Unlike their northern relatives, when the air temperature drops to 12-13°c monarchs in New Zealand migrate to local overwintering grounds in more temperate locations including Christchurch, Nelson, Napier and Tauranga Bay Northland.  The temperature in these regions doesn’t typically go below 10°C. They have adapted their behaviour to suit local conditions. There, they huddle together on trees to wait out the winter. Overwintering monarchs prefer sites that are sheltered from the wind, have trees with a rough bark surface on which to cling and have a nearby source of nectar. The butterflies are mostly inactive, but on warm days, they fly, bask in the sunlight and feed. When the temperatures warm up, butterflies become active again to reproduce.

Winter Life Cycle

Last generation monarch butterflies emerges from pupae around April/May.

They feed as long as they can until winter sets in.

Prolonged winter temps below 12-13°c will make them look for a hibernation place, usually a park or a group of tall trees.

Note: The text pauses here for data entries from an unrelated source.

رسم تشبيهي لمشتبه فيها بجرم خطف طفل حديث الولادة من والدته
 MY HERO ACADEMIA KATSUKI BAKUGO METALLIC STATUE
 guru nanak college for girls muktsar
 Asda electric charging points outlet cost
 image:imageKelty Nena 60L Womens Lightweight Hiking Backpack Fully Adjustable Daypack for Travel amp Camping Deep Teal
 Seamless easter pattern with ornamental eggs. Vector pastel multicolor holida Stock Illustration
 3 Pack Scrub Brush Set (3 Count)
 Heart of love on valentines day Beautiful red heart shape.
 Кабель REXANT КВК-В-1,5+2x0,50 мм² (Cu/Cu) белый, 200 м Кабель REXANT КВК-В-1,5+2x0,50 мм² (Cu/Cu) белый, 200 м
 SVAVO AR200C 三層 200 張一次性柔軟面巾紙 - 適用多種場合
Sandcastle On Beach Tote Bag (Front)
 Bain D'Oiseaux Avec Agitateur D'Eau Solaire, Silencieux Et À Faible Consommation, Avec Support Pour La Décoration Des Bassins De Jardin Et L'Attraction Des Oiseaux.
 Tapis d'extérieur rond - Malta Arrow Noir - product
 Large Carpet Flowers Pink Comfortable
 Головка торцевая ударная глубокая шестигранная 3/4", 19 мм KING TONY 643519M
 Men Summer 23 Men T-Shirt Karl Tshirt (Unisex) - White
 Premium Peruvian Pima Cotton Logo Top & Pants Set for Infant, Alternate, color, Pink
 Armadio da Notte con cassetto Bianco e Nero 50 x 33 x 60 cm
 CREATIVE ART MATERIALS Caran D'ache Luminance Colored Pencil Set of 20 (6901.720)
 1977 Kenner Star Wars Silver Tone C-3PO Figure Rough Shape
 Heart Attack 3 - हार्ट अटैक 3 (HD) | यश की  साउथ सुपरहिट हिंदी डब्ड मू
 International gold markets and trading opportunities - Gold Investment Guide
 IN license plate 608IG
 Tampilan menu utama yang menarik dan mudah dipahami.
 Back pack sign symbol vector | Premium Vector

There they tend to congregate in variable numbers and simply hang from twigs and branches for day after day. Sometimes weeks and weeks.

They only start flying when it really warms up in the middle of the day/afternoon, before returning to their hibernation spot again to conserve energy.

When spring arrives, the butterflies (often quite frayed-looking) find a mate and start laying eggs again.